May art glorify history and the tablet, boulder, and memorial line the pathway of the Revolutionary patriots with beacon lights of grateful remembrance.

W. E. G.

CHAPTER I
CONGRESS VOTES TO CHASTISE

After the awful massacres at Wyoming and Cherry Valley in 1778, Congress passed a vote on the 27th of February, 1779, authorizing Washington to break the power of the Iroquois Indians by desolating their country. Only thus could the American frontiers be protected from Tories and Indians and the rear and flank attacks be stopped.

Until the Revolutionary War the Iroquois had been friends of our fathers against the French in Canada, with whom the Algonquin Indians had acted as allies. How did it come to pass that the Iroquois turned to be our enemies? Lifting up the hatchet and scalping knife against us, they left at Cherry Valley, and Wyoming, great blood spots, and along the frontier a line of fire and death. To answer this question, we must go back more than a century and a half.
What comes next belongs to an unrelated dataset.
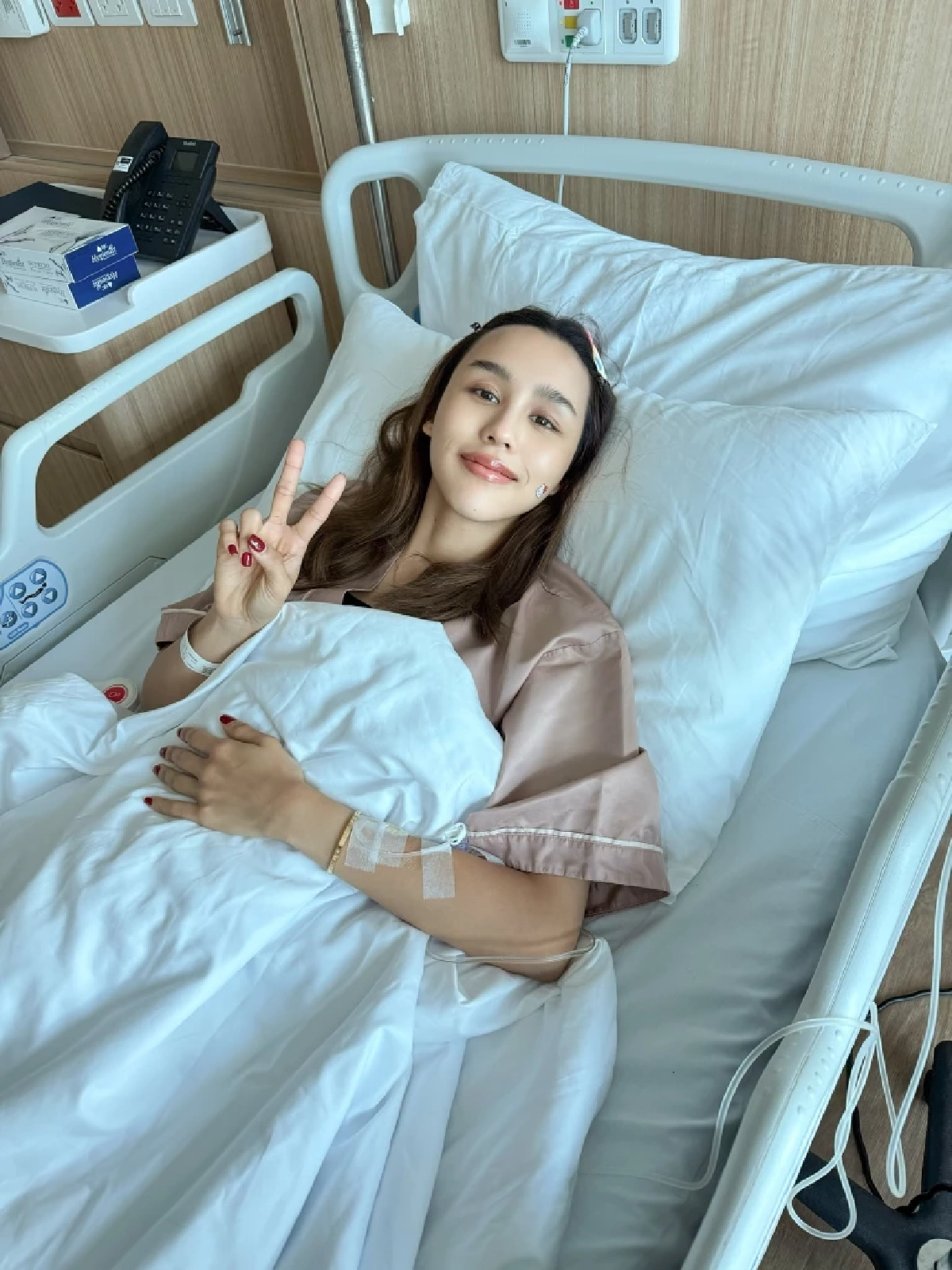 ร่างสั่งพัก \"ดาราสาว\"แอดมิทด่วน หลังโหมงานหนักเกินลิมิต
At that time the North American continent was divided between two quite different sorts of Indians, the Five Nations of the Iroquois, who were united in a confederacy, and the much more numerous Algonquins, who lived all around them.
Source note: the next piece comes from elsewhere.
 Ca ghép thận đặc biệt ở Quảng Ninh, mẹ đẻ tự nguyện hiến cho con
In 1609, two men, each representing a different civilization, penetrated the inland waters of America. Henry Hudson, an English captain in a Dutch ship and with a Dutch crew, sailed up the river that now bears his name and made the friendly acquaintance of the tribes of Northern New York. Samuel Champlain, from France, came down the lake that bears his name, acting not only as friend, but as ally to the Algonquins, who were ever at war with the Iroquois. The boundary line between these two kinds of Indians was drawn at Rock Regio, in Lake Champlain, near Burlington, Vermont.

It happened at this time that hostile parties from the North and South were out seeking each other. Dressed in bark armor, with bows and arrows, and stone hatchets, they met in combat, not in ambush, but in the open field. The Frenchmen, taking sides with the Algonquins, killed several Iroquois with their firearms. Forthwith, vowing vengeance against these white men who had interfered, the Indians of the South resolved to seek Dutch aid. A few years later they appeared at Fort Orange, near Albany, bringing their beaver and other skins in exchange for arms and ammunition. Thus armed, they were able to go forth on equal terms with the Algonquins to the slaughter of the French and their allies. With them the age of stone was over and the new era of iron and gunpowder had come.